Task to carry out: Print all of the data exactly.

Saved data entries
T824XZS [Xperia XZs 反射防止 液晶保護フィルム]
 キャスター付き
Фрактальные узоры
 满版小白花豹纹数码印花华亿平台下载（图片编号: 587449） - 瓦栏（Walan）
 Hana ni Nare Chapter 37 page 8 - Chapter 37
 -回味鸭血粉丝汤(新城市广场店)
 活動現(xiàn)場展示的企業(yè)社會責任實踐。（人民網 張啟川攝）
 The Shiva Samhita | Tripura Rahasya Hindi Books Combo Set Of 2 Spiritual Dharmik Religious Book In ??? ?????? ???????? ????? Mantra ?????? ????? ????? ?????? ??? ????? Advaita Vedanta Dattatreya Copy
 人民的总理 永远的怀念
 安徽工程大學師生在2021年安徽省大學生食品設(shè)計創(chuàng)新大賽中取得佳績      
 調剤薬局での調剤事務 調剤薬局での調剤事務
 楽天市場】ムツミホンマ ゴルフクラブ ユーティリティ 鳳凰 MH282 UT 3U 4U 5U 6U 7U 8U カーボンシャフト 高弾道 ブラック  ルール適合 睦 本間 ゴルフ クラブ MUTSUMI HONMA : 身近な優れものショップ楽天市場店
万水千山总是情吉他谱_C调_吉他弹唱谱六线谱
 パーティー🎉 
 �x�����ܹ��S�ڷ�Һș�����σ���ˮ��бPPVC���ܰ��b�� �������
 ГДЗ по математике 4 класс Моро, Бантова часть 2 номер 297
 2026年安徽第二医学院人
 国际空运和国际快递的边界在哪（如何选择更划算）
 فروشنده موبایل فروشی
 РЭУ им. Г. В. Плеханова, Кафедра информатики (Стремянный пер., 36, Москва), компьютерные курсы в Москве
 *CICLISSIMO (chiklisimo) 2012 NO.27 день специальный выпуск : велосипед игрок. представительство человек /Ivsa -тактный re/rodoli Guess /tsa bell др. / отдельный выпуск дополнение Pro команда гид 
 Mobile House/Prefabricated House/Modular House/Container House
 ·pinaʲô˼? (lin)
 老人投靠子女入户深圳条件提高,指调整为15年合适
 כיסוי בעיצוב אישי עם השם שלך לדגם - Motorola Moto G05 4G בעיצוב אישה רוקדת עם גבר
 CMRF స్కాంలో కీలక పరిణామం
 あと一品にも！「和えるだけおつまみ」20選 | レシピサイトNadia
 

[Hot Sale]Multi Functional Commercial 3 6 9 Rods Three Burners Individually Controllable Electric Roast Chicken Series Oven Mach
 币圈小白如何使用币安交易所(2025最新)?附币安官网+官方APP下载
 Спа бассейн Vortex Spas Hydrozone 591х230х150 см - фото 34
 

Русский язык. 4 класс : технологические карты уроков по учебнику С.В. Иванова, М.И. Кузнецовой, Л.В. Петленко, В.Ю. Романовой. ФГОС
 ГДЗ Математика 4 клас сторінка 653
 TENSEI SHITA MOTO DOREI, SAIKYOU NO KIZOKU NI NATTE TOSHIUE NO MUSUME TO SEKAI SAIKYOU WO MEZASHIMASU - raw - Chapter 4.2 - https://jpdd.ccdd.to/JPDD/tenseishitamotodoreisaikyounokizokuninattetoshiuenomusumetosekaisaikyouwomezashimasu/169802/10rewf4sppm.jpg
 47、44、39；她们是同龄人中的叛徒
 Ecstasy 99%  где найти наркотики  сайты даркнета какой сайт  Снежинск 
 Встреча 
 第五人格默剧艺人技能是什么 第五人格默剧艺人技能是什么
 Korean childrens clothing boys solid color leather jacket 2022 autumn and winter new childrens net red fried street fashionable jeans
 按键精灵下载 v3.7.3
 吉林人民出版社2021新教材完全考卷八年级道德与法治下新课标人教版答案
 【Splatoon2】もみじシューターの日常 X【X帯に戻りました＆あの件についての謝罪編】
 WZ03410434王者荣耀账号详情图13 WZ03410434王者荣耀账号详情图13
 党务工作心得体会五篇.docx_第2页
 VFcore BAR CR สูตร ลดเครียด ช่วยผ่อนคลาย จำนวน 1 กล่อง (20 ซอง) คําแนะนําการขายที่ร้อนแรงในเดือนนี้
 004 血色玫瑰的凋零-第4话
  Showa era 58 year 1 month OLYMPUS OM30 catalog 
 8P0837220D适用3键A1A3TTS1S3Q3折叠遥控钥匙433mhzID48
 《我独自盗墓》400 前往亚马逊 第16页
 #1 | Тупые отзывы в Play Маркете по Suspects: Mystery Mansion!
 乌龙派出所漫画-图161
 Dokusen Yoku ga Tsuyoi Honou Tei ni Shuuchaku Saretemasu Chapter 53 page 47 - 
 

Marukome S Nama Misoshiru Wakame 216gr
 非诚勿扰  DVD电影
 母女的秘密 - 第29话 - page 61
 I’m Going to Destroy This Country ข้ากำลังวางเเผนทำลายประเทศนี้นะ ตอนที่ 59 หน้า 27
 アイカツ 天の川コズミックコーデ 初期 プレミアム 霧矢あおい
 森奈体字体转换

Expected answer:
T824XZS [Xperia XZs 反射防止 液晶保護フィルム]
 キャスター付き
Фрактальные узоры
 满版小白花豹纹数码印花华亿平台下载（图片编号: 587449） - 瓦栏（Walan）
 Hana ni Nare Chapter 37 page 8 - Chapter 37
 -回味鸭血粉丝汤(新城市广场店)
 活動現(xiàn)場展示的企業(yè)社會責任實踐。（人民網 張啟川攝）
 The Shiva Samhita | Tripura Rahasya Hindi Books Combo Set Of 2 Spiritual Dharmik Religious Book In ??? ?????? ???????? ????? Mantra ?????? ????? ????? ?????? ??? ????? Advaita Vedanta Dattatreya Copy
 人民的总理 永远的怀念
 安徽工程大學師生在2021年安徽省大學生食品設(shè)計創(chuàng)新大賽中取得佳績      
 調剤薬局での調剤事務 調剤薬局での調剤事務
 楽天市場】ムツミホンマ ゴルフクラブ ユーティリティ 鳳凰 MH282 UT 3U 4U 5U 6U 7U 8U カーボンシャフト 高弾道 ブラック  ルール適合 睦 本間 ゴルフ クラブ MUTSUMI HONMA : 身近な優れものショップ楽天市場店
万水千山总是情吉他谱_C调_吉他弹唱谱六线谱
 パーティー🎉 
 �x�����ܹ��S�ڷ�Һș�����σ���ˮ��бPPVC���ܰ��b�� �������
 ГДЗ по математике 4 класс Моро, Бантова часть 2 номер 297
 2026年安徽第二医学院人
 国际空运和国际快递的边界在哪（如何选择更划算）
 فروشنده موبایل فروشی
 РЭУ им. Г. В. Плеханова, Кафедра информатики (Стремянный пер., 36, Москва), компьютерные курсы в Москве
 *CICLISSIMO (chiklisimo) 2012 NO.27 день специальный выпуск : велосипед игрок. представительство человек /Ivsa -тактный re/rodoli Guess /tsa bell др. / отдельный выпуск дополнение Pro команда гид 
 Mobile House/Prefabricated House/Modular House/Container House
 ·pinaʲô˼? (lin)
 老人投靠子女入户深圳条件提高,指调整为15年合适
 כיסוי בעיצוב אישי עם השם שלך לדגם - Motorola Moto G05 4G בעיצוב אישה רוקדת עם גבר
 CMRF స్కాంలో కీలక పరిణామం
 あと一品にも！「和えるだけおつまみ」20選 | レシピサイトNadia
 

[Hot Sale]Multi Functional Commercial 3 6 9 Rods Three Burners Individually Controllable Electric Roast Chicken Series Oven Mach
 币圈小白如何使用币安交易所(2025最新)?附币安官网+官方APP下载
 Спа бассейн Vortex Spas Hydrozone 591х230х150 см - фото 34
 

Русский язык. 4 класс : технологические карты уроков по учебнику С.В. Иванова, М.И. Кузнецовой, Л.В. Петленко, В.Ю. Романовой. ФГОС
 ГДЗ Математика 4 клас сторінка 653
 TENSEI SHITA MOTO DOREI, SAIKYOU NO KIZOKU NI NATTE TOSHIUE NO MUSUME TO SEKAI SAIKYOU WO MEZASHIMASU - raw - Chapter 4.2 - https://jpdd.ccdd.to/JPDD/tenseishitamotodoreisaikyounokizokuninattetoshiuenomusumetosekaisaikyouwomezashimasu/169802/10rewf4sppm.jpg
 47、44、39；她们是同龄人中的叛徒
 Ecstasy 99%  где найти наркотики  сайты даркнета какой сайт  Снежинск 
 Встреча 
 第五人格默剧艺人技能是什么 第五人格默剧艺人技能是什么
 Korean childrens clothing boys solid color leather jacket 2022 autumn and winter new childrens net red fried street fashionable jeans
 按键精灵下载 v3.7.3
 吉林人民出版社2021新教材完全考卷八年级道德与法治下新课标人教版答案
 【Splatoon2】もみじシューターの日常 X【X帯に戻りました＆あの件についての謝罪編】
 WZ03410434王者荣耀账号详情图13 WZ03410434王者荣耀账号详情图13
 党务工作心得体会五篇.docx_第2页
 VFcore BAR CR สูตร ลดเครียด ช่วยผ่อนคลาย จำนวน 1 กล่อง (20 ซอง) คําแนะนําการขายที่ร้อนแรงในเดือนนี้
 004 血色玫瑰的凋零-第4话
  Showa era 58 year 1 month OLYMPUS OM30 catalog 
 8P0837220D适用3键A1A3TTS1S3Q3折叠遥控钥匙433mhzID48
 《我独自盗墓》400 前往亚马逊 第16页
 #1 | Тупые отзывы в Play Маркете по Suspects: Mystery Mansion!
 乌龙派出所漫画-图161
 Dokusen Yoku ga Tsuyoi Honou Tei ni Shuuchaku Saretemasu Chapter 53 page 47 - 
 

Marukome S Nama Misoshiru Wakame 216gr
 非诚勿扰  DVD电影
 母女的秘密 - 第29话 - page 61
 I’m Going to Destroy This Country ข้ากำลังวางเเผนทำลายประเทศนี้นะ ตอนที่ 59 หน้า 27
 アイカツ 天の川コズミックコーデ 初期 プレミアム 霧矢あおい
 森奈体字体转换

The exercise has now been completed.